Gingered Veggie Noodle Soup





It was a rookie mistake, going to the grocery store before breakfast. But it was raining, I was already out for school drop off, and I didn't feel like making an extra trip.

So there I was, wandering the aisles. Starving. Before I knew it, there was a bag of Cool Ranch Doritos in my cart.

Sometime around mid-morning, it started calling to me. At first I tried to fight it. It was only another hour until lunch. I could grab a banana instead. Or some yogurt. But it was a losing battle. The Doritos were in my hand. And then they were in my mouth. Not just a chip. Or two. More than I care to admit.

Then the inevitable. The guilt. And disgust. Don't get me wrong. I'm not a health nut. I'm not a person who feels guilty after eating one M&M. But this was just over the top.

All day I tried to get over that feeling of blah. I had a light lunch. I drank green tea in an effort to detox. No luck.

So I decided to make a redemptive dinner. Something light, healthy and nutritious. And, since it was cold and rainy, something warm. Soup. Asian soup. Something with ginger. Something that would placate my disgruntled stomach.

I went to the cupboard first, to make sure I had the basics. Luckily I'd bought a carton of chicken stock last week. There were some thin egg noodles in there too. Next I checked the fridge. Three zucchini and half a bag of baby spinach. And, thank goodness, a big knob of ginger. 

The soup was light and cleansing. Just what I'd wanted. And the rest of those Doritos? Let's just say they won't be tempting me again anytime soon.



Bring the stock and water to a simmer over medium heat. Add sliced ginger and simmer for a few minutes until it's fragrant.



Julienne your zucchini. You can also cut it into small cubes, but I wanted the zucchini to be the same shape as the pasta.



Add the zucchini to the stock, then add the pasta.



After a few minutes, add the baby spinach.



Simmer until the zucchini and pasta are tender, and the spinach is wilted. Taste for salt and pepper. 



Ladle the soup into bowls. Sprinkle with a few drops of sesame oil. If you like it spicy, add some Sriracha or chili garlic sauce. Enjoy!





Gingered Veggie Noodle Soup

Recipe by The Garlic Press

4 cups chicken or vegetable broth
2 cups water
2-inch piece of ginger, cut into 1/2-inch thick disks
2-3 small zucchini, julienned or cut into small cubes
4 to 6 ounces thin egg noodles or other pasta
6 ounces baby spinach, roughly chopped
Salt
Pepper
Sesame oil

1.      Put the chicken or vegetable stock and water in a pot and bring to a simmer over medium heat.

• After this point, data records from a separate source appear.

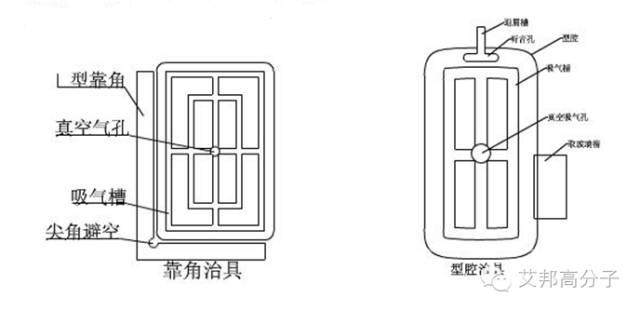 CNC工程師必看！3D玻璃CNC加工操作手冊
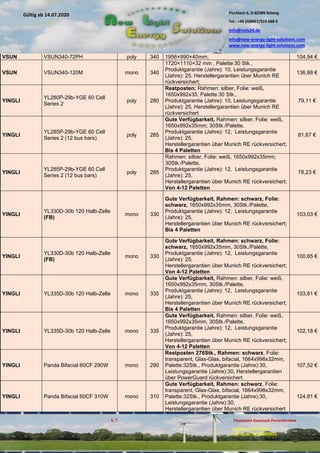 Pischlach 6, D-82389 Böbing
Tel.: +49 (0)8867/919 688 0
info@nels24.de
info@new-energy-light-solutions.com
www.new-energy-light-solutions.com
S. 7 Finanzamt Garmisch-Partenkirchen
Inhaber: Jutta Hertel
UST-ID-Nr: DE238049655
Gültig ab 14.07.2020
.07.2020
.2020
.06.2018.06.2018
.04.2018.04.2018
VSUN VSUN340-72PH poly 340 1956×990×40mm; 104,94 €
VSUN VSUN340-120M mono 340
1720×1110×32 mm , Palette:30 Stk.,
Produktgarantie (Jahre): 10, Leistungsgarantie
(Jahre): 25, Herstellergarantien über Munich RE
rückversichert;
136,88 €
YINGLI
YL280P-29b-YGE 60 Cell
Series 2
poly 280
Restposten; Rahmen: silber, Folie: weiß,
1650x992x35, Palette:30 Stk.,
Produktgarantie (Jahre): 10, Leistungsgarantie
(Jahre): 25, Herstellergarantien über Munich RE
rückversichert
79,11 €
YINGLI
YL285P-29b-YGE 60 Cell
Series 2 (12 bus bars)
poly 285
Gute Verfügbarkeit, Rahmen: silber, Folie: weiß,
1650x992x35mm; 30Stk./Palette,
Produktgarantie (Jahre): 12, Leistungsgarantie
(Jahre): 25,
Herstellergarantien über Munich RE rückversichert;
Bis 4 Paletten
81,67 €
YINGLI
YL285P-29b-YGE 60 Cell
Series 2 (12 bus bars)
poly 285
Rahmen: silber, Folie: weiß, 1650x992x35mm;
30Stk./Palette,
Produktgarantie (Jahre): 12, Leistungsgarantie
(Jahre): 25,
Herstellergarantien über Munich RE rückversichert;
Von 4-12 Paletten
78,23 €
YINGLI
YL330D-30b 120 Halb-Zelle
(FB)
mono 330
Gute Verfügbarkeit, Rahmen: schwarz, Folie:
schwarz, 1650x992x35mm, 30Stk./Palette,
Produktgarantie (Jahre): 12, Leistungsgarantie
(Jahre): 25,
Herstellergarantien über Munich RE rückversichert;
Bis 4 Paletten
103,03 €
YINGLI
YL330D-30b 120 Halb-Zelle
(FB)
mono 330
Gute Verfügbarkeit, Rahmen: schwarz, Folie:
schwarz, 1650x992x35mm, 30Stk./Palette,
Produktgarantie (Jahre): 12, Leistungsgarantie
(Jahre): 25,
Herstellergarantien über Munich RE rückversichert;
Von 4-12 Paletten
100,65 €
YINGLI YL335D-30b 120 Halb-Zelle mono 335
Gute Verfügbarkeit, Rahmen: silber, Folie: weiß,
1650x992x35mm, 30Stk./Palette,
Produktgarantie (Jahre): 12, Leistungsgarantie
(Jahre): 25,
Herstellergarantien über Munich RE rückversichert;
Bis 4 Paletten
103,81 €
YINGLI YL335D-30b 120 Halb-Zelle mono 335
Gute Verfügbarkeit, Rahmen: silber, Folie: weiß,
1650x992x35mm, 30Stk./Palette,
Produktgarantie (Jahre): 12, Leistungsgarantie
(Jahre): 25,
Herstellergarantien über Munich RE rückversichert;
Von 4-12 Paletten
102,18 €
YINGLI Panda Bifacial 60CF 290W mono 290
Restposten 276Stk., Rahmen: schwarz, Folie:
transparent, Glas-Glas, bifacial, 1664x998x32mm,
Palette:32Stk., Produktgarantie (Jahre):30,
Leistungsgarantie (Jahre):30, Herstellergarantien
über PowerGuard rückversichert
107,52 €
YINGLI Panda Bifacial 60CF 310W mono 310
Gute Verfügbarkeit, Rahmen: schwarz, Folie:
transparent, Glas-Glas, bifacial, 1664x998x32mm,
Palette:32Stk., Produktgarantie (Jahre):30,
Leistungsgarantie (Jahre):30,
Herstellergarantien über Munich RE rückversichert
124,81 €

2.      Add the ginger and simmer for about 10 minutes, until the ginger is fragrant.

3.      Add the zucchini, pasta, and baby spinach. Simmer until the pasta is tender.

4.      Taste for salt and pepper.

5.      Ladle the soup into bowls. Drizzle with a few drops of sesame oil.


Note: You can easily make this soup vegetarian by using vegetable broth in place of the chicken broth and substituting a different pasta for the egg noodles.  

Serves 4

2 comments:

  1. Just made this. Mom's here having just had major shoulder surgery. She doesn't feel like eating anything. When I saw this post, I thought this might interest her. Just made it - added some egg ribbons for protein and used kale instead of spinach (only b/c that's what I happened to have on hand)- smells so good and tastes great!